Flying Saucers or Drones?
In a world where drones sightings are quickly becoming everyday occurrences, they are also being blamed for anything inexplicable that is spotted in the sky. Over the holiday season, drone sightings over Gatwick and Heathrow airports caused them to be shut down. Gatwick had to be closed for over 36 hours because of one drone sighting. These stories received a lot of media attention but investigations into the matter have yet to find the drones that caused the shutdowns or even confirm if there were ever any drones in the area to begin with. This is just the latest in a number of well publicized incidents caused by drones which may or may not even exist.
Situations such as these are becoming the norm. Back in 2016, the world reacted to claims that a drone had crashed into a passenger jet that was attempting to land at Heathrow airport. The U.K government released a statement a few days later which suggested that the object was actually a paper bag, not a drone. A pilot from Australia made a similar claim, but it later became clear that he’d just flown into a very bat. The FAA receives over 100 reports like this per month from concerned citizens who believe that they have seen drones flying near airports and manned aircraft.
Specialists in the drone industry do not believe that all those reports are credible. Investigations into these reported sightings revealed that many of these reports were vague, some were legal flights, and less than 4% of the reports involved near-hit incidents between manned aircraft and drones. Even the United States Government Accountability Office is skeptical about the FAA’s collection of reports. The number of unconfirmed drone sightings is so high that drones are taking over from UFOs as the primary cause of inexplicable events in the sky.
Centers that record UFO sightings claim that the number of sightings has been falling since 2014. This was around the time when consumer-grade drone technology became easy to acquire. No evidence is available to suggest that the increasing popularity of drones is related to the decline in UFO sightings but they could be a factor. People are more likely to say that the anomaly they saw in the sky was a drone rather than claiming to have seen a craft being flown by aliens.

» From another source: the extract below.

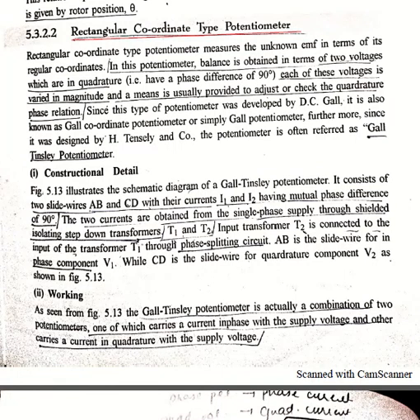Good morning students. In the previous lecture we completed the polar type AC potentiometer. Now coming to the second type, that is the rectangular coordinate type potentiometer, which is a part of AC potentiometer. This type of potentiometer measures the unknown EMF in terms of rectangular coordinates, whereas in the previous case the polar type measured the unknown EMF in polar form.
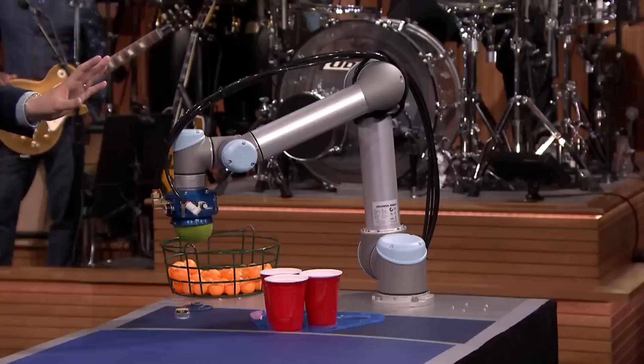I knew I had to bring this here. It is a robot that plays beer pong. Yes! Finally! We've done it!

The term UFO is a neutral description for anything weird that you see in the sky (Unidentified Flying Objects). It does not have to involve aliens, but UFOs and aliens are mentioned together so often that they have almost become synonymous. People tend to explain what they have seen based on what is the most plausible explanation. Aliens used to be the most plausible explanation for flying anomalies. For now at least, because of their popularity drones are the new default assumption.